Updated: Inferring Geographic Entity Locations in Queries

Get The Top News In Search

This field is for validation purposes and should be left unchanged.

Where Do Entity Locations Appear in Queries?

Some search queries submitted by searchers refer to physical locations. The search engine can quickly provide information about entity locations, which may be in addition to the responsive search results. For example, in response to “Eiffel Tower Paris France,” the search engine could provide information about Paris in addition to the search results about the Eiffel Tower. But, the query “Eiffel Tower” does not specify a physical location.
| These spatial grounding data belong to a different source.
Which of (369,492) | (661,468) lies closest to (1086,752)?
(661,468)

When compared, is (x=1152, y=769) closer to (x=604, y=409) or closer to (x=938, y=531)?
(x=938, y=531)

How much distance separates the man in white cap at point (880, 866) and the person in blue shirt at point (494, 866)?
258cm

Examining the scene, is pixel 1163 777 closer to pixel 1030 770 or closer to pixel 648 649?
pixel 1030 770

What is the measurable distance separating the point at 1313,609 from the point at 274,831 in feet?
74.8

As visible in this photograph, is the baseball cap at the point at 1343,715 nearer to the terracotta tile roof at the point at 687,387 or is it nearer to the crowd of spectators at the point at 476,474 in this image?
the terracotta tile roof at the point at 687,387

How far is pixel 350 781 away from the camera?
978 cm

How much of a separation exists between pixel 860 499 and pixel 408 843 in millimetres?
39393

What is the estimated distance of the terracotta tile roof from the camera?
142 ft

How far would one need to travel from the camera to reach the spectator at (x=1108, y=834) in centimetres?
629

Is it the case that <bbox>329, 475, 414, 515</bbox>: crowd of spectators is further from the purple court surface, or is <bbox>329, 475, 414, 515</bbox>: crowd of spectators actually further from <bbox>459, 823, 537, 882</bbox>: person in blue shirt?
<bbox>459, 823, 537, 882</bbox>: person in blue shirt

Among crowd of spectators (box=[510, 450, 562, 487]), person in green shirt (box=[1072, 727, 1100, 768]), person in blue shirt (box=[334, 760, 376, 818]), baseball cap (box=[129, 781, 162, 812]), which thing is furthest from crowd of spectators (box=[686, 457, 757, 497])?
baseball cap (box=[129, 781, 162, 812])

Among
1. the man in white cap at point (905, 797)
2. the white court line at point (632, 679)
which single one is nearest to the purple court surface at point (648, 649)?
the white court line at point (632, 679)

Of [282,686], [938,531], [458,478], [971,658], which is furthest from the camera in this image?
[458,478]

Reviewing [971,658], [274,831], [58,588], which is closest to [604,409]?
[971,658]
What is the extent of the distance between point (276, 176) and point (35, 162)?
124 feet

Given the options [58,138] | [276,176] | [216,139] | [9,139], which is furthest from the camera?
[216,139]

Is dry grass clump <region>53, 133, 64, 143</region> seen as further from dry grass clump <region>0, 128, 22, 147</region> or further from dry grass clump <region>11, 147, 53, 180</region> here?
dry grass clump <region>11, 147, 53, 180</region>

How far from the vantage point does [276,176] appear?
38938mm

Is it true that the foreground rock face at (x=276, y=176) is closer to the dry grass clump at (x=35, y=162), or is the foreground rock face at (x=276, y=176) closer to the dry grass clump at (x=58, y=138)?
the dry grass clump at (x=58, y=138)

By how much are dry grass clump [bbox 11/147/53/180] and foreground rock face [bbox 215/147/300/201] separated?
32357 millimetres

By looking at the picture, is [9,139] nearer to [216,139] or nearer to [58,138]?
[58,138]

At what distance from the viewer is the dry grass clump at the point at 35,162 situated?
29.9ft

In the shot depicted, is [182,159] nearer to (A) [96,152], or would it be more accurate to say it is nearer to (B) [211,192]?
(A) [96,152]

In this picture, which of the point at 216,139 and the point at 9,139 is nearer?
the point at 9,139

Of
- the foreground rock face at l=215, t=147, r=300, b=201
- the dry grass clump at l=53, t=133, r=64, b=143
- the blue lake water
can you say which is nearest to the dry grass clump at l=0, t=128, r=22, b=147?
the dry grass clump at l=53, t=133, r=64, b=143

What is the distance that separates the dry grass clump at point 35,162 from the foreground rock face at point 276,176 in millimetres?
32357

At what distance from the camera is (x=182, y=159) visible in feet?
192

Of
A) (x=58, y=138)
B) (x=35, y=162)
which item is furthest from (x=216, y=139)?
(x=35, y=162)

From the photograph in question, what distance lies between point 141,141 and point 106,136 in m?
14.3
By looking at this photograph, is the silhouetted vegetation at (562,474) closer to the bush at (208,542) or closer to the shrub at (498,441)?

Inferring Searcher’s Address By IP Address

One way to infer unspecified locations is to identify locations that are geographically near the searcher. In some instances, the geographic location of a searcher can get determined by the searcher’s IP address. A significant weakness in this approach is that it does not provide location information when a searcher seeks information about a distant location—for example, a searcher in Los Angeles seeking information about the Eiffel Tower.

Inferring Searcher’s Address by Lookup Table

Another way to infer unspecified or “missing” locations in a search query is to use a lookup table. When a lookup term in the table matches a term in a query, the corresponding location gets presumed. A drawback to this method is that it does not provide a notion of the prominence of the search entities when there are multiple entities with the same or similar names. Another drawback is that the locations that may get inferred get limited to locations associated with preselected entities in the lookup table.

Deja Vue All Over Again

I was almost finished writing this post when I discovered that I had written about this patent before almost a decade ago in the post: How Google Might Use Query Logs to Find Entity Locations The patent has changed: this one is a continuation patent with new claims, and it is worth comparing the old ones and the new ones to see how different they are, and what has changed from them. After the patent and a summary of it. I compare the first claims from both versions.

Assigning Entity Locations with Websites

inferring entity locations

Deficiencies and problems with assigning physical entity locations in a query get overcome with queries submitted previously and by capitalizing previously issued queries that refer to physical locations. Information from queries that explicitly or implicitly specify locations can help identify locations for other queries that do not specify locations. The same principle gets applied to websites to infer a physical location for an entity associated with the website.

Computing a location-specific score that represents the likelihood that the respective location gets associated with a website.

The method consists of:

  • Computing a site confidence value representing a likelihood that the website gets associated with a physical location
  • Determining a location associated with the website using the location-specific scores and the site confidence value
  • Storing information indicating that the determined location gets associated with the website for subsequent use when processing respective search queries

A non-transitory computer storage medium stores programs that get executed by the processors of a computer system. The programs include instructions, that when executed by the processors of the computer system, perform the method of associating the locations with a website.

Associating the locations with a query from a client device gets performed by a server system. The device includes the processors and memory storing the programs for execution by the processors. The method includes:

A method of associating the locations with a query gets performed by a server system, which includes the processors and memory storing programs for execution by the processors. The method comprises identifying a query, selecting a set of documents responsive to the specified query, and assigning weights to individual records in the collection of papers based, at least in part, on historical data of searcher clicks selecting search result links in search results produced for historical queries the same as the identified query.

The method further includes identifying respective websites hosting the documents in the set of documents. Each website retrieves location-specific information for the retrieved data for each location with a location-specific score. That score corresponds to the likelihood that the respective location goes to an individual website of the identified websites.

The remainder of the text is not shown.